Across the ditch, New Zealand passed updated data privacy laws at the end of 2020, enforcing mandatory obligations to inform the country's privacy commissioner.
But companies only faced fines of up to $NZ10,000 ($8800) for non-compliance.
In the United States, the issue is complicated by each state having its own laws set up. California set up its rules in the early 2000s forcing companies to inform their customers if their personal information has been compromised and wasn't encrypted.
Under the US state's laws, affected customers can sue a company up to $750 per incident if their non-encrypted and non-redacted personal information was stolen in a data breach as a result of their failure.
Efforts to establish a federal data breach notification system within the US have yet to succeed.
Where to from here?
The severity of the Optus cyber security breach has brought data privacy and compliance to the forefront of the conversation with advocates calling for urgent reforms.
Greens senator David Shoebridge, along with a number of privacy experts, wants to see harsher punishments for offending companies in a move that mirrors more closely the EU model.
He believes the changes will work as a disincentive and force companies to think twice about lax data security.
"We have the private corporate interest of players, like Optus, to retain the data for its marketing and customer retention purposes. We also have the security motive from the likes of the AFP and the federal government," Senator Shoebridge said.
"What's totally missing are the protections for individuals whose data is at risk. We need to make the penalties sufficient to provide an incentive to protect data."

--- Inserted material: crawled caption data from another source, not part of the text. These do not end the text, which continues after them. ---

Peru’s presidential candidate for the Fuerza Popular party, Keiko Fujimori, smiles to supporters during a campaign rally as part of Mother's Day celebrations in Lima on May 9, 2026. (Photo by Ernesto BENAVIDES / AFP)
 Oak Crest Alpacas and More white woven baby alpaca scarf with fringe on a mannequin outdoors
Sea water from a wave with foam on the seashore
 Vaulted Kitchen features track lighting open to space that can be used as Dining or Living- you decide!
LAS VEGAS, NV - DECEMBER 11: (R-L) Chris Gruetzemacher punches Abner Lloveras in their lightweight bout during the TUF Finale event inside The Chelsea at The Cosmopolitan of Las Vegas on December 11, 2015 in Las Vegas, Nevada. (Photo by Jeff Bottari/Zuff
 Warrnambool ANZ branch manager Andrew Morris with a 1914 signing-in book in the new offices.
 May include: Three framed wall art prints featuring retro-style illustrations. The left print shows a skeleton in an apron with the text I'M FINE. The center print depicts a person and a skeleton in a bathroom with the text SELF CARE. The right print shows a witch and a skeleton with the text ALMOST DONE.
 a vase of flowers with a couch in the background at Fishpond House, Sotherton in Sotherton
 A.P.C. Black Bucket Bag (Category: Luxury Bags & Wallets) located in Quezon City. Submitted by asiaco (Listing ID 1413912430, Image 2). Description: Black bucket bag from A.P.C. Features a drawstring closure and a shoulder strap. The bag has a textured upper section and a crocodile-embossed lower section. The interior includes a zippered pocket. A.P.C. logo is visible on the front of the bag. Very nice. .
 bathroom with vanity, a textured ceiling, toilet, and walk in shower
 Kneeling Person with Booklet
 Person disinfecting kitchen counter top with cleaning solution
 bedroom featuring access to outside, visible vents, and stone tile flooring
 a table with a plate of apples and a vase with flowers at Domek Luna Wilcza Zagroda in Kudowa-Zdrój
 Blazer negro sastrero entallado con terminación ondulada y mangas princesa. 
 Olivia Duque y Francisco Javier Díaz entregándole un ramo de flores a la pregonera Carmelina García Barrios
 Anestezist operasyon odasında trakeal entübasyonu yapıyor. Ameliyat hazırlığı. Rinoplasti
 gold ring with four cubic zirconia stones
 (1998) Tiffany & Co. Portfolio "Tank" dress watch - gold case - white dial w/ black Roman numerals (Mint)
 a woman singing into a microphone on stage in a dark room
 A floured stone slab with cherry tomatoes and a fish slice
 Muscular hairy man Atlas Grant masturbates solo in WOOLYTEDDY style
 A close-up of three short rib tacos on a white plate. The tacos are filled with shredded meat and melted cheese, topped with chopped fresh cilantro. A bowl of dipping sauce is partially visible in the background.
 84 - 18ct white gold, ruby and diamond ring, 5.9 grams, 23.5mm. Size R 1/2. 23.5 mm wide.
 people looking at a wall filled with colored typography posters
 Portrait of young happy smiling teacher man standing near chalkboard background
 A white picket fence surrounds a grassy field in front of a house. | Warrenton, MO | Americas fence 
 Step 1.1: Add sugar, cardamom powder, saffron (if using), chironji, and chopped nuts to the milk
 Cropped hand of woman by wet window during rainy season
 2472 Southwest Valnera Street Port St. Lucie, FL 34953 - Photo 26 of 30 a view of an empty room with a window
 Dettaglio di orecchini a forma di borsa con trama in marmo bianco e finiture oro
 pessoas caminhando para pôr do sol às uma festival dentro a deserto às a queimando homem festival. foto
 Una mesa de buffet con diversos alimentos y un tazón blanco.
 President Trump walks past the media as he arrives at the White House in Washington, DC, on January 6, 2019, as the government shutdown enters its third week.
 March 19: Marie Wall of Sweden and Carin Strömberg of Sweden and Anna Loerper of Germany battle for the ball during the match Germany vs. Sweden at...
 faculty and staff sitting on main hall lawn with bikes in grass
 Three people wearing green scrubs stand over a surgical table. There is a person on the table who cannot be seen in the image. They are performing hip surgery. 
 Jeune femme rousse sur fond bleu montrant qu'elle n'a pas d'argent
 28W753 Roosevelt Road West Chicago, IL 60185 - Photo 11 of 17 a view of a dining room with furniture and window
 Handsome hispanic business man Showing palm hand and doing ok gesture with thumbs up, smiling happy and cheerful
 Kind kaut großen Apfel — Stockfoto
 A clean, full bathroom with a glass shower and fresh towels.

Attorney-General Mark Dreyfus said over the weekend he was looking to reform privacy laws by the end of the year in response to Optus' failure.
"Companies throughout Australia should stop regarding all of this personal data of Australians as an asset for them, they actually should think of it as a liability," Mr Dreyfus said.
It follows the release of an exposure draft late last year for enhancing online privacy.
It would amend laws to include a binding online privacy code and would result in the maximum penalty being raised to $10 million for companies, or 10 per cent of their domestic annual turnover.
It would also give the Information Commissioner additional powers to issue infringement notices for failure to give information.